Ziobro upokorzony i dotkliwie ,,obity” przez swoich… – komentuje Andrzej Nowakowski


Dosłownie w ciągu ostatnich kilku dni szeryf polskiej prokuratury pan Zbigniew Ziobro został dwukrotnie upokorzony i dotkliwie ,,obity” psychicznie przez swojego guru koalicyjnego, a konkretnie prezesa Kaczyńskiego. Jak zwykle prezes dokonał tego w sposób poniżający swojego przeciwnika. Tak mu/prezesowi bardziej smakuje deptanie niesfornego  koalicjanta Zjednoczonej Prawicy, co wielokrotnie on i jego przyboczny Terlecki udowodnili.

Nie gryzie się łapy, która karmi

Prezes, jak zwykle zrobił to w białych rękawiczkach. Tym razem dwukrotnie z tzw. ,,liścia” – po jednym na policzek – wymierzył karę podszczekującemu koalicjantowi przypominając mu, że nie gryzie się łapy która karmi.

Pierwszy strzał z przysłowiowego ,,liścia” padł ze strony pani Przyłębskiej, której tzw. Trybunał  Konstytucyjny odrzucił skargę pana Zbigniewa Ziobry i ostatecznie umorzył jego wniosek w sprawie przedawnienia zbrodni komunistycznych. TK uznał, że odpowiedni przepis o IPN, dotyczący ścigania zbrodni zagrożonych karą do 3 lat pozbawienia wolności utracił moc przy nowelizacji tej ustawy z lipca 2020 r.

Ziobro jeszcze do końca nie ochłonął i nie przełknął upokorzenia, a tu raptem kolejny ,,liść” tym razem ze strony jego ,,zaufanego sędziego” Adama Rocha.

Tym razem drugi policzek ,,zmasakrował” Ziobrze sędzia Sądu Najwyższego Izby Dyscyplinarnej Adam Roch, który jednoosobowo ośmieszył  prokuratora usiłującego doprowadzić siłą sędziego Igora Tuleję, jednocześnie grożąc mu karą więzienia.

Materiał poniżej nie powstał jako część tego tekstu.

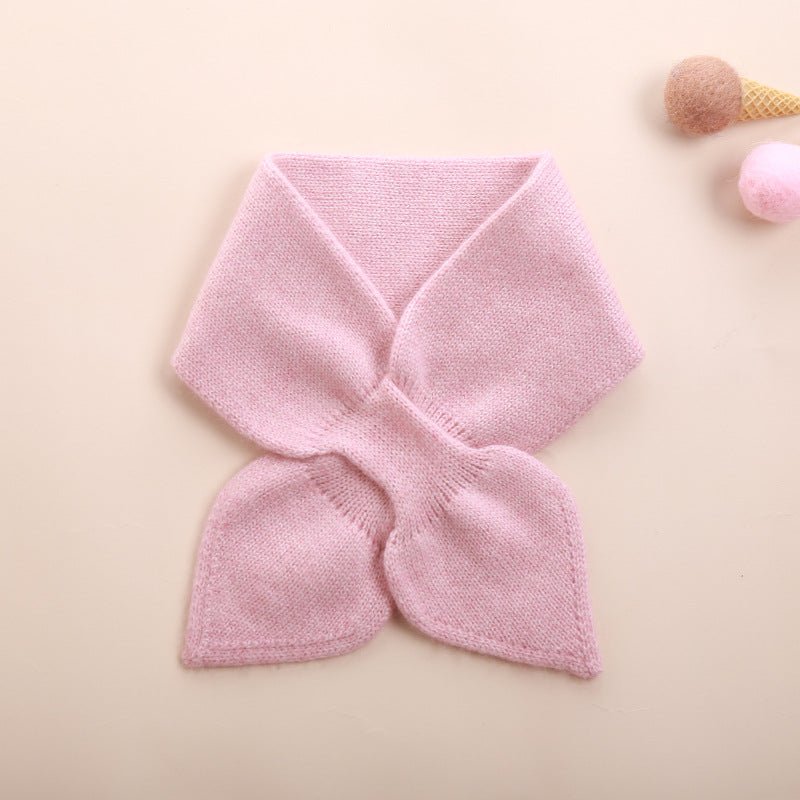 Kids Colorful Knit Cashmere Scarf Bow Knot Cashmere Neck Warmer Baby Pink S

Sędzia Igor Tuleya, zdaniem jednoosobowo orzekającego sędziego Adama R. w tzw. Izbie Dyscyplinarnej SN jest niewinny. Czy Ziobro się podniesie?

Zbigniew Ziobro, czy wkrótce Zbigniew Z?

Zastanawiam się, jak daleko trzeba być zaślepionym ambicjonalnie, zarazem zakompleksionym politykiem i człowiekiem by podskakiwać, wiemy komu. Sam Ziobro w polityce jest nikim, a ze swoją nieliczną garstką partyjnych klakierów nie przekroczy nigdy progu wyborczego. To wiąże się z jego politycznym niebytem, do którego prędzej czy później dojdzie.

Do tego dochodzą nieczyste sprawy pana Ziobry związane z finansowaniem kampanii wyborczej swojej partii. Unia Europejska już to bada i może się okazać, że pan Zbigniew Ziobro, wkrótce zacznie funkcjonować w mediach jako Zbigniew Z.